L'Indésirable (1975)

Il finit par ne plus entendre le bruit de crécelle sur la carrosserie. Coque ou tourelle ? Sous-marin ou blindé ? L’habitacle résiste, étanchéité garantie.

L'Indésirable (1975)

En fait de musée, c’est plutôt un arsenal. Ou bien un musée de la guerre, mais sans espingoles ni pistolets à crosse nacrée. La guerre moderne, la vraie: celle des fantassins.

L'Indésirable (1975)

Une autoroute centrale se ramifiant tout au long en échangeurs superposés, boucles et trèfles au dessin compliqué.

L'Indésirable (1975)

La cuiller appuie contre le creux de sa paume et il savoure cette pression avec une exaltation secrète, en entretenant pour lui-même un inutile suspense.

L'Indésirable (1975)

Le point décisif, c’est de savoir si le demi-million de chômeurs qui croupit dans cette ville va tourner aux coupe-jarrets ou aux sans-culottes.

L'Indésirable (1975)

Tu as catalysé le mal, nettoyé le champ opératoire, précipité l’inéluctable.

L'Indésirable (1975)

Tel employé de l’ambassade des Etats-Unis arrivait à la préfecture comme un représentant de commerce avec son attaché-case.

L'Indésirable (1975)

Les bidonvilles s’insinuent au coeur des beaux quartiers aseptisés.

L'Indésirable (1975)

On finit toujours par ressembler à ce que l’on combat.
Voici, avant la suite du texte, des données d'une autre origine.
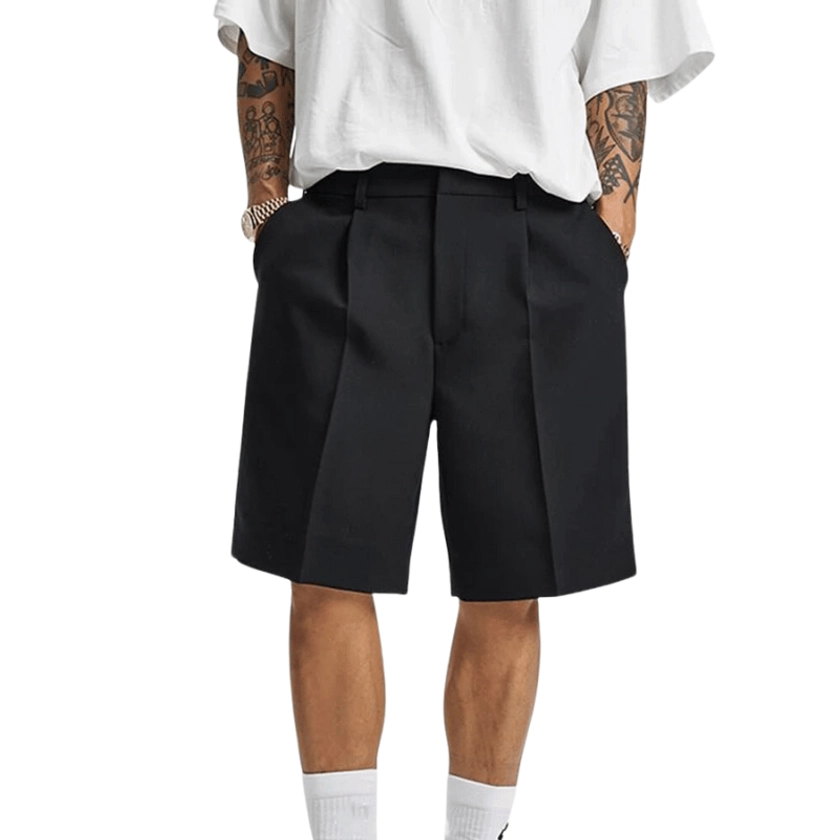Shorts de Alfaiataria Casual Masculino Bermuda Coreana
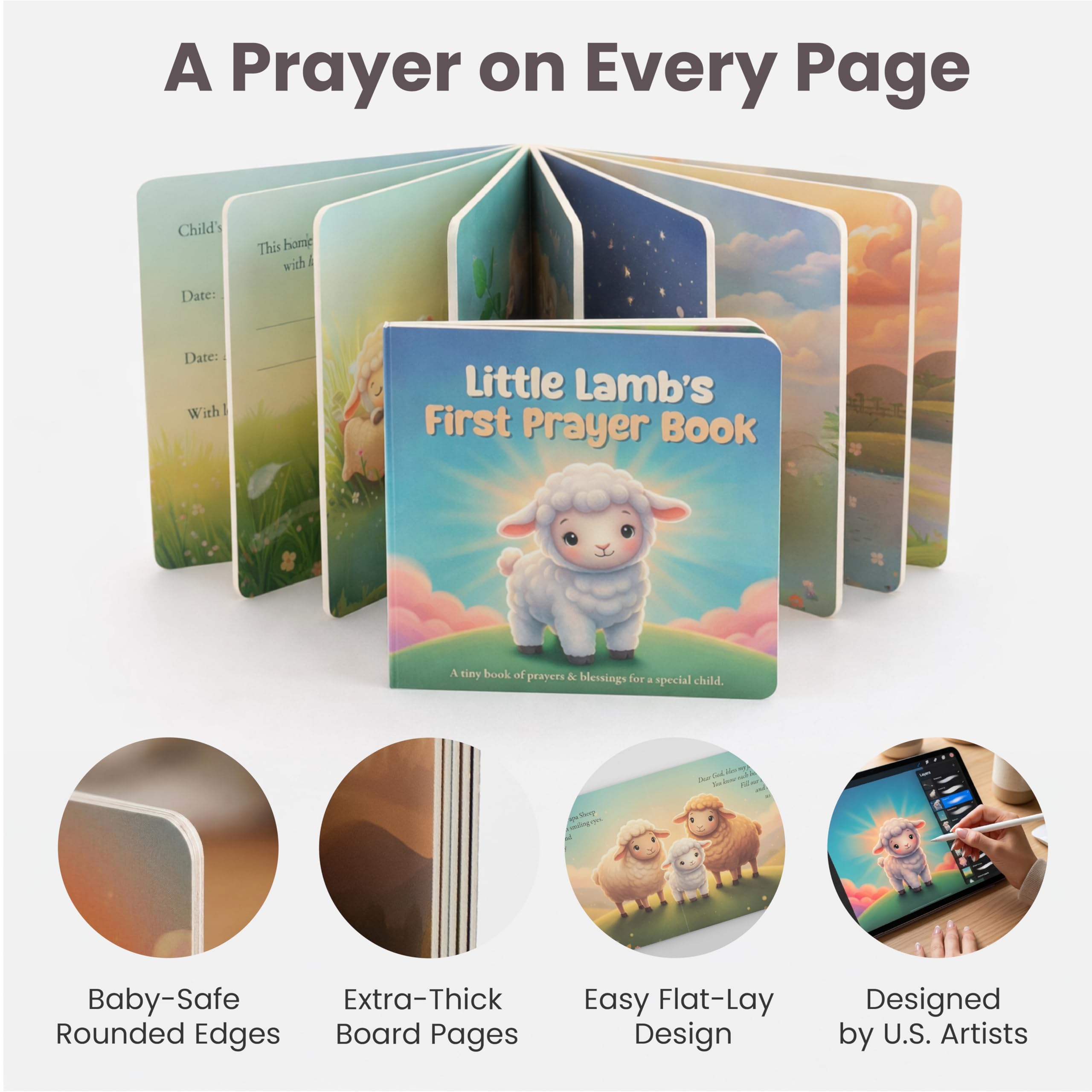 Soft neutral toned baptism gift set with plush lamb and blanket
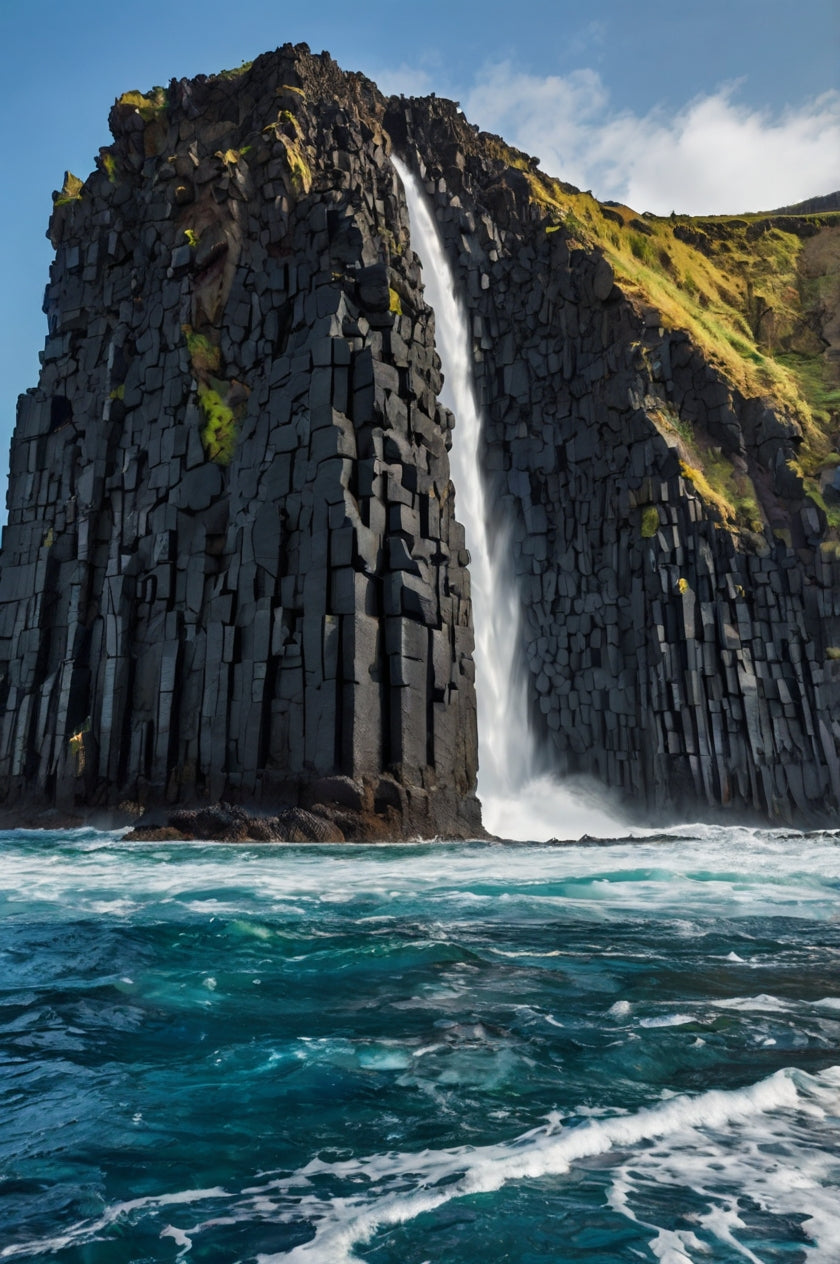 Coastal Basalt Rock Formation with Waves My Store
Le Code et le glaive (2011)

D’où vient que chaque fois qu’un bourg informe se transforme en cité, ou un semis de villes en nation, s’élève d’un espace plan délimité un sémaphore en houlette – obélisque, flèche, colonne, rostres, statue de la Liberté, tour Eiffel ou montagne sacrée ?

Eloge des frontières (2010)

Le mur interdit le passage; la frontière le régule. Dire d’une frontière qu’elle est une passoire, c’est lui rendre son dû: elle est là pour filtrer.

Eloge des frontières (2010)

Un peuple, c’est une population, plus des contours et des conteurs.

Eloge des frontières (2010)

Toute frontière, comme le médicament, est remède et poison. Et donc affaire de dosage.

Eloge des frontières (2010)

Renoncer à soi-même est un effort assez vain: pour se dépasser mieux vaut commencer par s’assumer.

Eloge des frontières (2010)

Le réel, c’est ce qui nous résiste et nargue nos plans sur la comète.

Eloge des frontières (2010)

Nous sommes liés à l’absolu par toutes nos fibres. Non tant au pouvoir absolu qu’à ce dont il découle: le savoir absolu. Tant que l’absolu s’incarna dans le siècle, nous pouvions nous battre heureux.

L'Indésirable (1975)

L’adolescent devient adulte via le grand écran; l’adulte, adolescent via le petit.